- [Description of the task] From top to bottom, write out the listing exactly and skip every picture.

- [Material provided]
.....

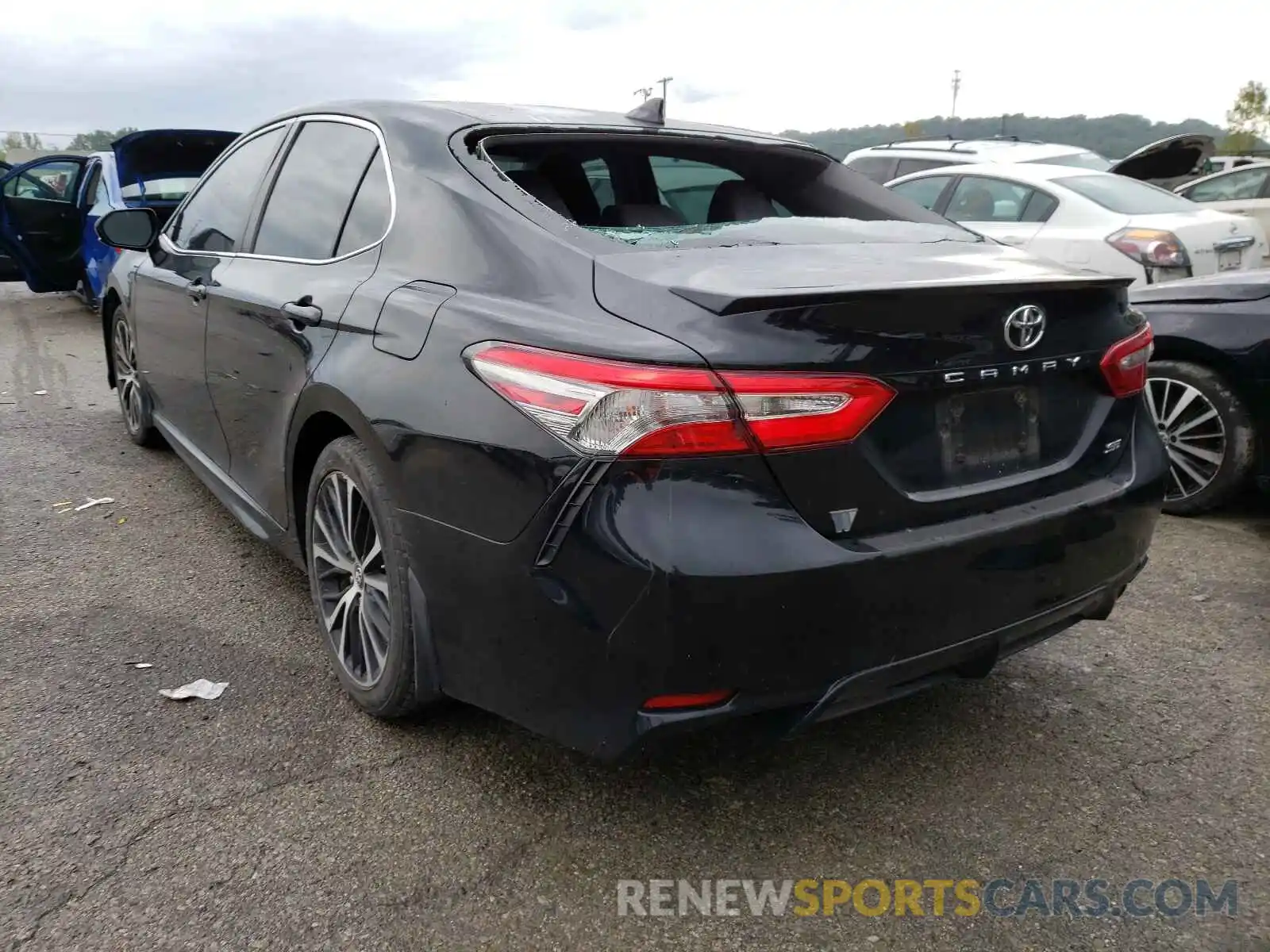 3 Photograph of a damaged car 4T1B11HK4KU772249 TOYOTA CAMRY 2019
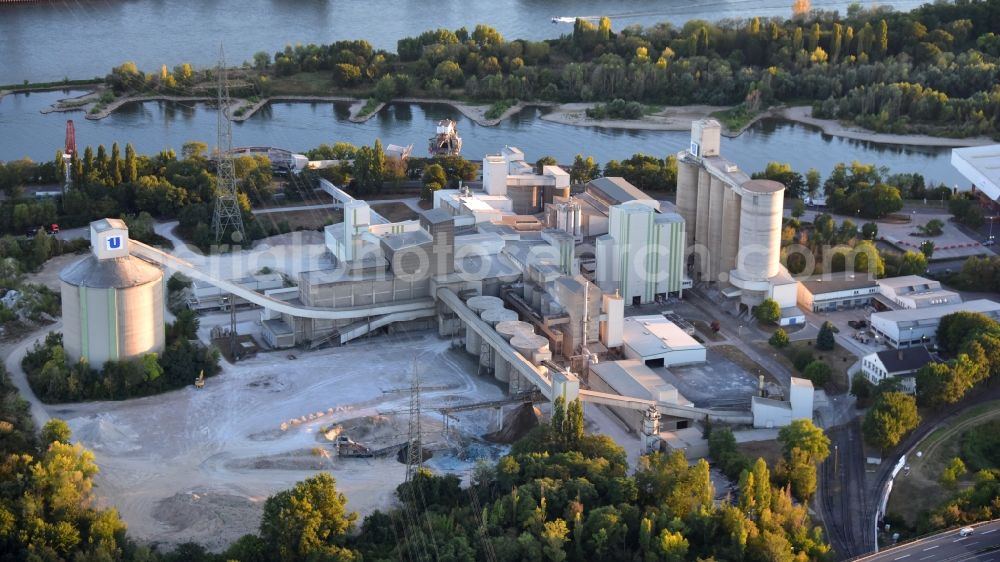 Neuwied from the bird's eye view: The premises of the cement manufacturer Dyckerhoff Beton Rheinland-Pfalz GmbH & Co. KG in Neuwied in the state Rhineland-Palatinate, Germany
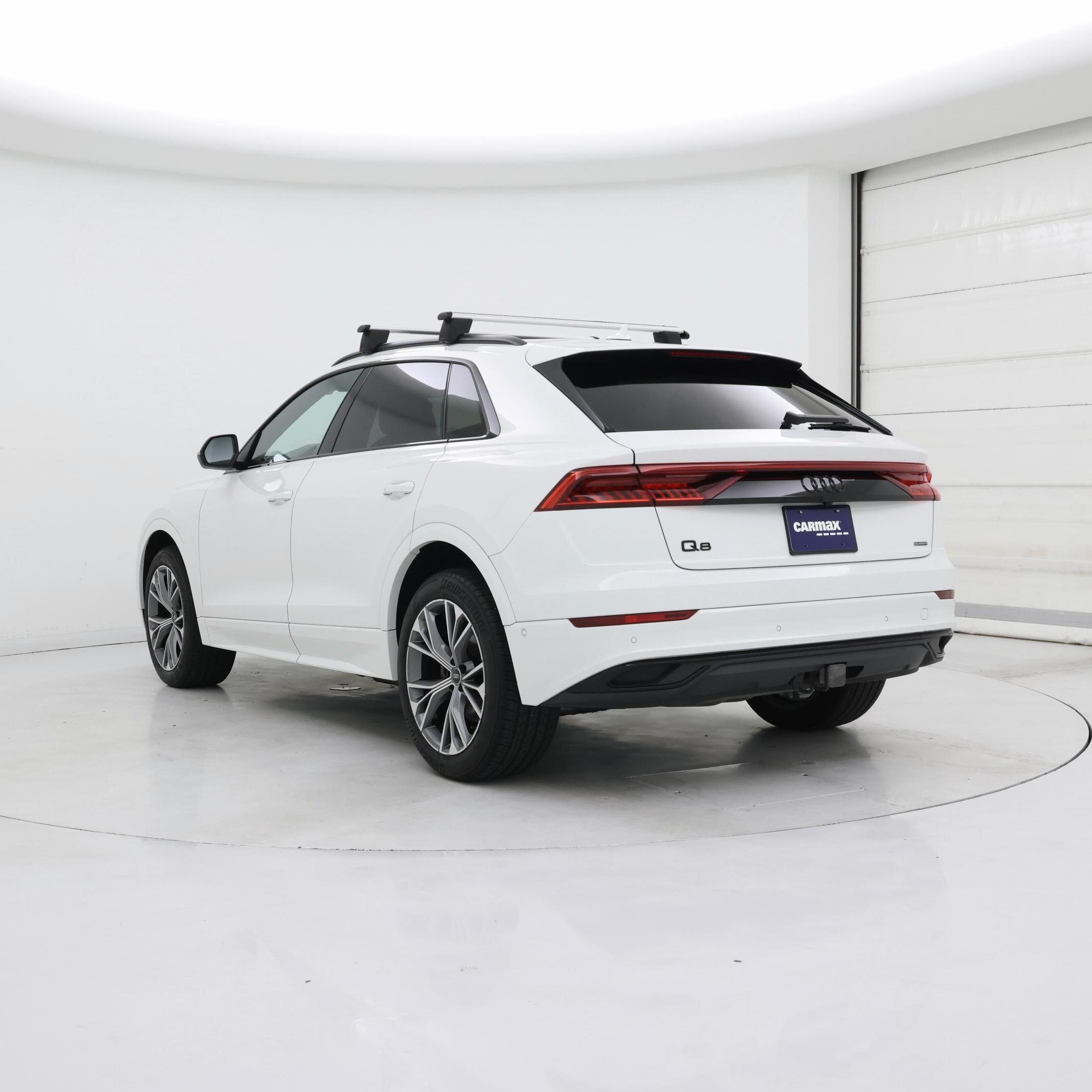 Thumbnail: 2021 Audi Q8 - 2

.....

- [Answer space]
 3 Photograph of a damaged car 4T1B11HK4KU772249 TOYOTA CAMRY 2019
 Neuwied from the bird's eye view: The premises of the cement manufacturer Dyckerhoff Beton Rheinland-Pfalz GmbH & Co. KG in Neuwied in the state Rhineland-Palatinate, Germany
 Thumbnail: 2021 Audi Q8 - 2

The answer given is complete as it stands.